Sen. Barack Obama, coming off a rough two weeks dominated by the furor over his former pastor's anti-American comments, said he planned to compete hard in the Pennsylvania Democratic presidential primary - by treating it like Iowa.
"Hopefully, I'm going to be able to go back to that style of meeting people one-on-one and in small groups, having conversations," Obama said in an interview with The Inquirer late Friday. "That approach works well for me."
With just more than four weeks to go until the state's April 22 primary, the Democratic race has entered its longest lull since Iowa's first-in-the-nation caucuses Jan. 3, which Obama won. He was on a 11-state winning streak until Sen. Hillary Rodham Clinton won the popular vote in Ohio and Texas this this month. He still has more delegates.
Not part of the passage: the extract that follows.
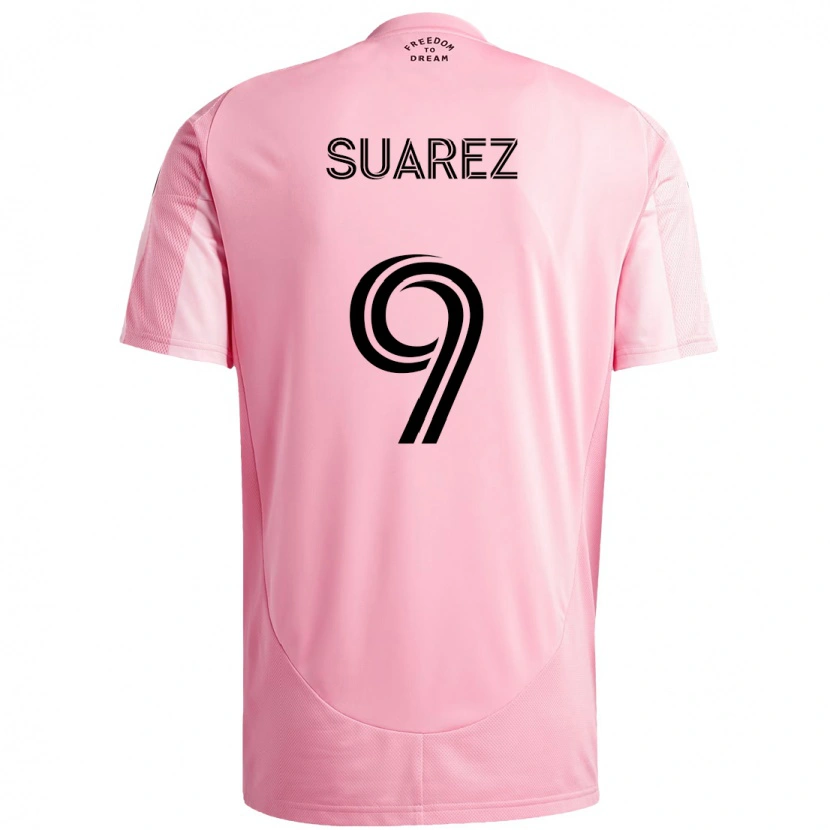 Danxen Kinderen Luis Suárez #9 Roze Zwart Thuisshirt Thuistenue 2025/26 T-Shirt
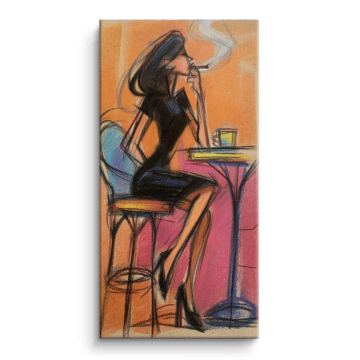 Cafe Cigarette Break Canvas Art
Recent polls show Clinton leading in Pennsylvania by at least 15 percentage points, with strong support from women and white working-class men, key groups in her winning coalitions elsewhere.
"She's the odds-on favorite," Obama said, adding that he has not been fully introduced to the state. His campaign began television advertisements on Friday, including a biographical spot that stresses his community-organizing career.
"We've done well in states where people know that I got my start working alongside steelworkers in Chicago whose plants had closed," Obama said. "People in Pennsylvania can relate. ... The more we focus on that, the better we're going to do."
Obama had been on the defensive since video surfaced of the Rev. Jeremiah A. Wright Jr., his spiritual mentor, preaching that the United States was racist and genocidal. Wright said the federal government invented the AIDs virus to wipe out minorities, said African Americans should sing "God damn America," and called the country the "U.S. of KKK A."
Last week, Obama gave a speech on race in Philadelphia in which he condemned Wright's beliefs but asked white Americans to understand the sense of grievance in the black community that gives rise to such comments. He also asked black Americans to understand the frustration of white working-class people.
He spoke of his own white grandmother, who helped raise him, yet "once confessed her fear of black men who passed by her on the street, and ... on more than one occasion has uttered racial or ethnic stereotypes that made me cringe."
Critics said that Obama was wrong to give the same moral weight to his grandmother's fears and Wright's rants, and he appeared to compound the problem by explaining on WIP-AM (610) Wednesday that his grandmother was a "typical white person."
Obama said that he mentioned his grandmother, who lives in his native Hawaii, only to illustrate that racial fears are embedded deeply in society. He said he has spoken to her about the speech.
"She thought it was a powerful speech - but she is biased, she's my grandmother," Obama told The Inquirer.
"I have written about this in my first book, so it's not something out of the blue," he said. His description "reflects comments from 30 years ago," Obama said. "She's changed. People change."
On Friday, Obama was endorsed by New Mexico Gov. Bill Richardson, a former presidential candidate who served in the Clinton administration. Richardson expressed concern about the contest's negative tenor.
Obama said that Clinton "has the right to continue to compete," but he agrees with Richardson that the campaign has turned negative - and he blames Clinton.
"She's just trying to tear me down, and that's not the kind of politics we've been about," Obama said in the interview.